The merger of Oceana Gold, which operates mainly in the South Island, with Climax Mining is seen as a key move in consolidation of the industry in Australasia.
Plans to merge the companies, retaining the name Oceana Gold, were announced yesterday. The resulting gold producer and developer with a market value of about A$523 million ($646.8 million), will have reserves of 4.8 million gold equivalent ounces.
The Sydney Morning Herald today said the merger would create a new force for industry consolidation in Australia's second-tier gold producers.
Announcing the merger, Oceana chief executive officer and the CEO-elect of the merged group, Stephen Orr, put the sector on notice that the group intended to use its market capitalisation and low-cost production base to force a new wave of rationalisation.
Global giants in the gold industry, Newmont, Barrick and AngloGold, had already acquired the best of Australia's multi-mine operators -- with the exception of Newcrest, the newspaper said.
But the enlarged Oceana would make the host of single mine operators its prime focus as it made a bold run to quickly become a 1 million ounce-a-year producer.
Success in the merger -- the parties were claiming the support of their respective shareholder bases -- would create a "globally significant gold company" with a reserve base of 4.8 million ounces of gold equivalent.
Despite its ambitions in the local market, the merged group did not yet have any Australian production. Oceana was established in New Zealand and Climax was developing the Dinkidi gold-copper project in the Philippines.
Dinkidi was expected to be in production in mid-2008 and, thanks to its substantial copper credits, was forecast to be a low-cost producer, low enough to drag overall costs for the merged group back from US$250 an ounce to less than US$100 an ounce.
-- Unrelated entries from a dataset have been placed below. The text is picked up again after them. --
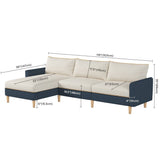 Modern Sectional Sofa,Modular L-Shaped Sectional Living Room Sofa Set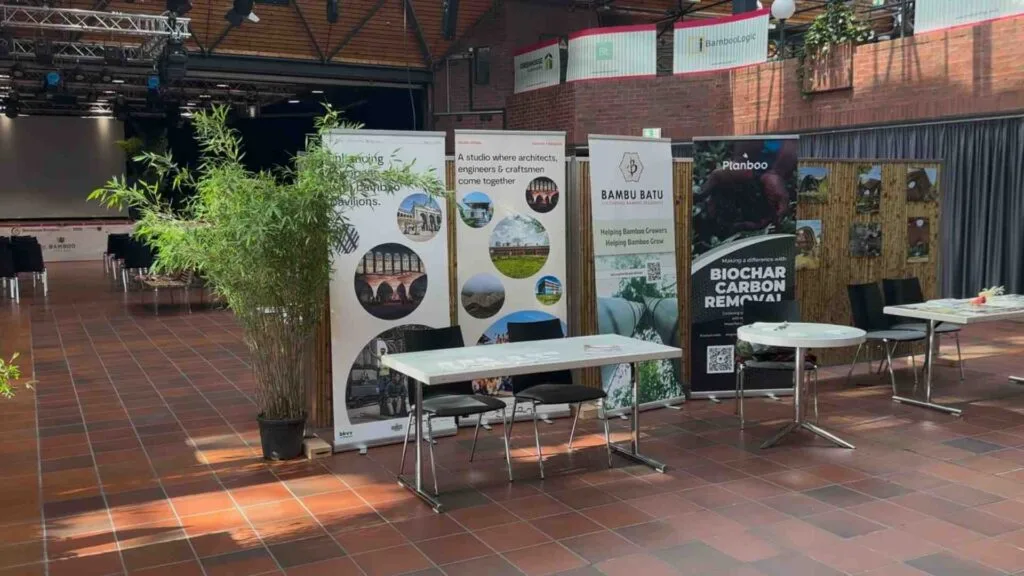 European Bamboo Expo tables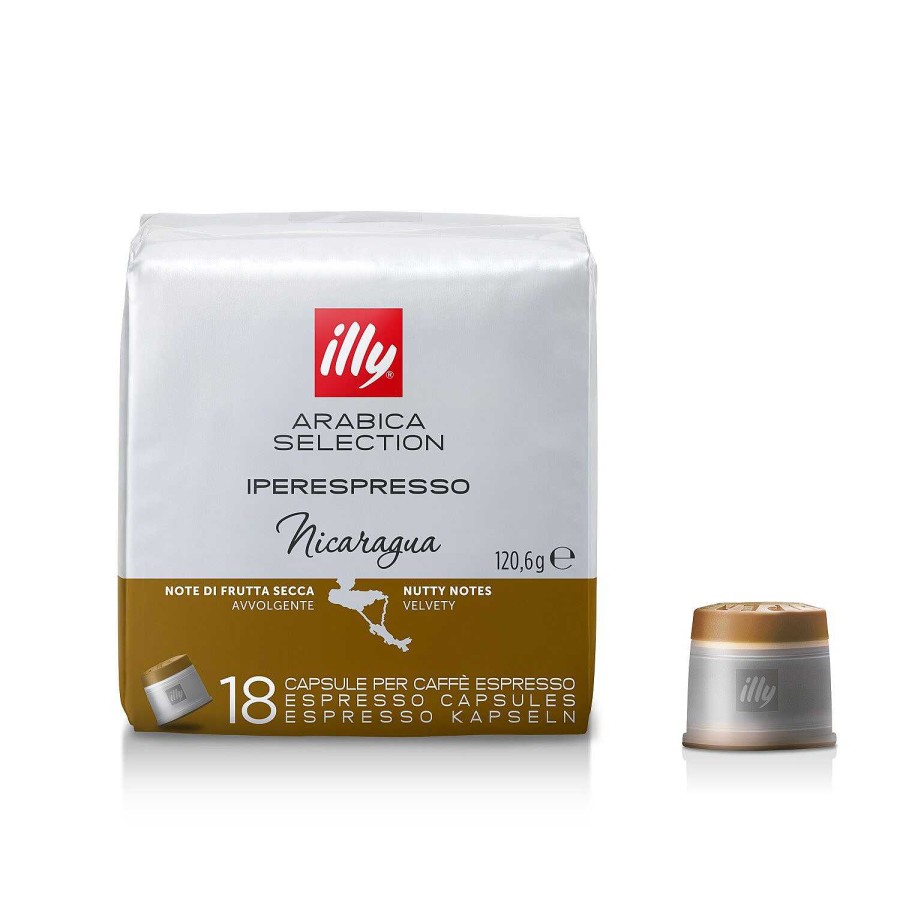 Koffie illy | Koffie in capsules Iperespresso 18 Arabica Selection Nicaragua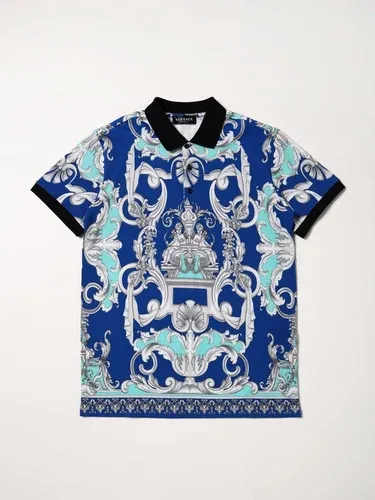 Polo YOUNG VERSACE Bambino colore Blue (106284341)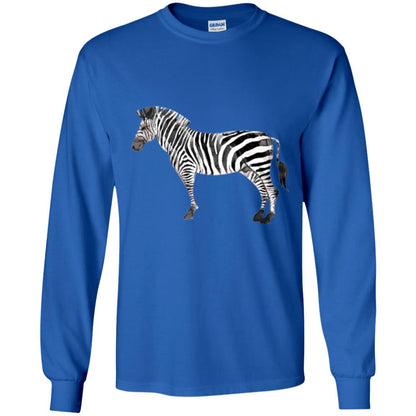 Awesome Zebra T-shirt Royal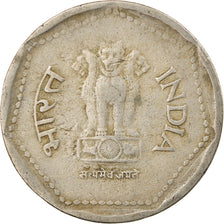 Coin, INDIA-REPUBLIC, Rupee, 1988, EF(40-45), Copper-nickel, KM:79.1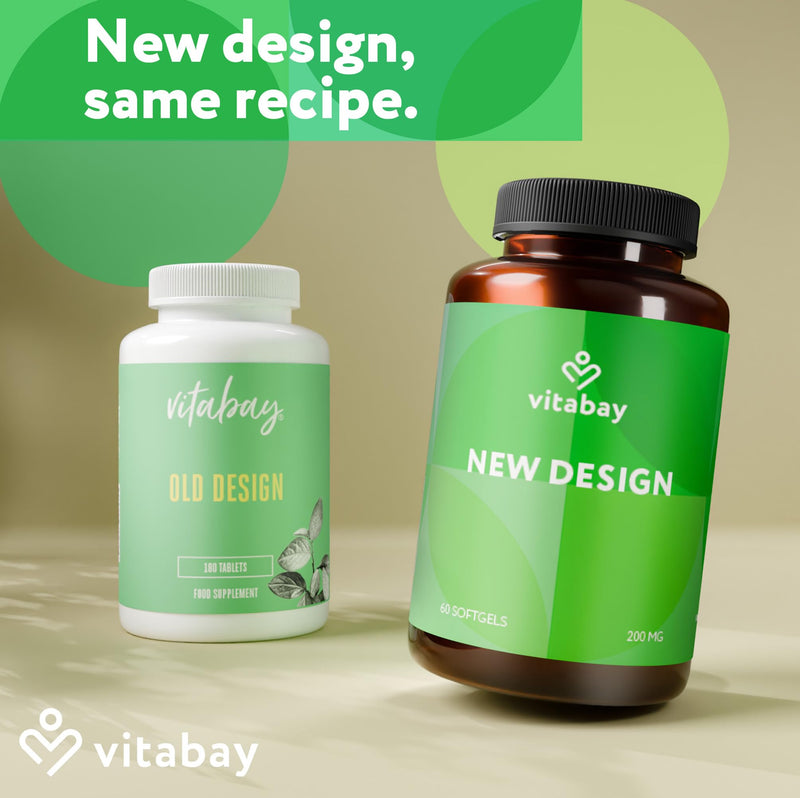 Vitabay Vitamin E 600 IU Depot - 200 Vegan Softgel Capsules - Natural D-Alpha Tocopherol - High Strength - Cell Protection from Oxidative Stress - Lab Tested - 12 Month Supply 100 g (Pack of 1)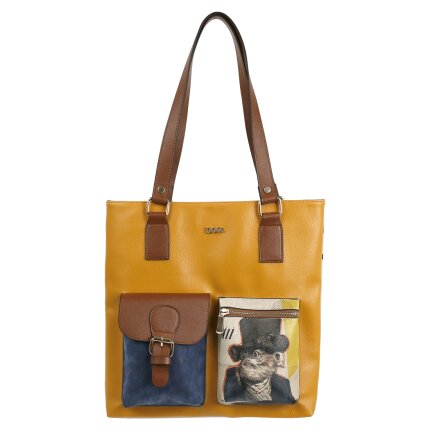 Bunte Taschen mit schönen Motiven und kreativen Designs - DOGO Multi Pocket Bag - Awesome im DOGO Onlineshop bestellen!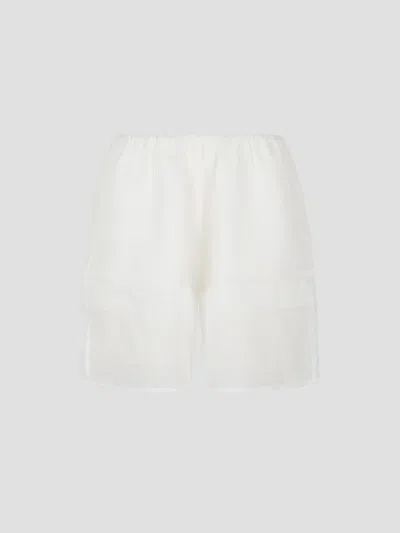 Totême Stylish Summer Shorts In White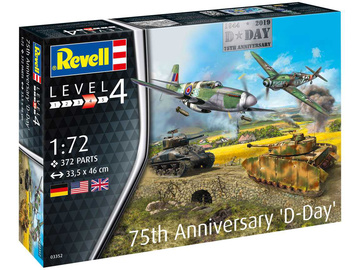 Revell Gift-Set Den D 75. výročí (1:72) / RVL03352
But because Dinkidi was in the Philippines it was not highly valued in the Australian market, which was a key reason Climax was keen to wrap itself into the bigger Oceana.
The Australian newspaper said the deal would introduce Oceana to political risk but dramatically lower production costs.
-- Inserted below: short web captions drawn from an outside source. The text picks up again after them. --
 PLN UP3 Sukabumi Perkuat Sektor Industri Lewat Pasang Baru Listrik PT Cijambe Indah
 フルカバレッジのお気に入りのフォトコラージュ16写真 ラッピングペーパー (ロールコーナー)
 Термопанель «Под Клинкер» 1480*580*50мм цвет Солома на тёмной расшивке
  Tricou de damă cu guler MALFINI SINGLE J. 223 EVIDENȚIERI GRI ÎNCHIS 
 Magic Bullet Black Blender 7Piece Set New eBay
The merger represented another consolidation by small-cap miners anxious to get to a size to attract serious global investment interest.
The combined company would have 300,000oz of gold coming from its New Zealand mines in 2008, along with copper-gold from Climax's Dinkidi operation in the Philippines, for a total of 550,000oz of gold-equivalent.
The share offer by Oceana valued Climax at a 27 per cent premium to the latter's 30-day average price.
Climax chairman Jim Askew conceded this lower-than-usual premium represented a "Philippines discount", and added: "We're realistic."
Oceana owned the Macraes mine near Dunedin, which since 1990 had produced 2 million ounces of gold. Underground mining there would start late next year.
In the meantime, Oceana would this year commission the Globe Progress mine in the historic Reefton goldfield, also on the South Island, with 548,000oz of reserves.
Climax's Dinkidi copper-gold mine north of Manila had 3.8 million ounces of gold and 470,000 tonnes of copper.
Under the deal, Climax shareholders will receive 0.62 of an Oceana share for each Climax share. Former Climax shareholders will own about 44 per cent of the merged company.
A meeting of Climax shareholders and option-holders is expected to be held in late October 2006 to vote on the proposed transaction.
Oceana is Melbourne-based but listed on both the New Zealand and Australian stock exchanges.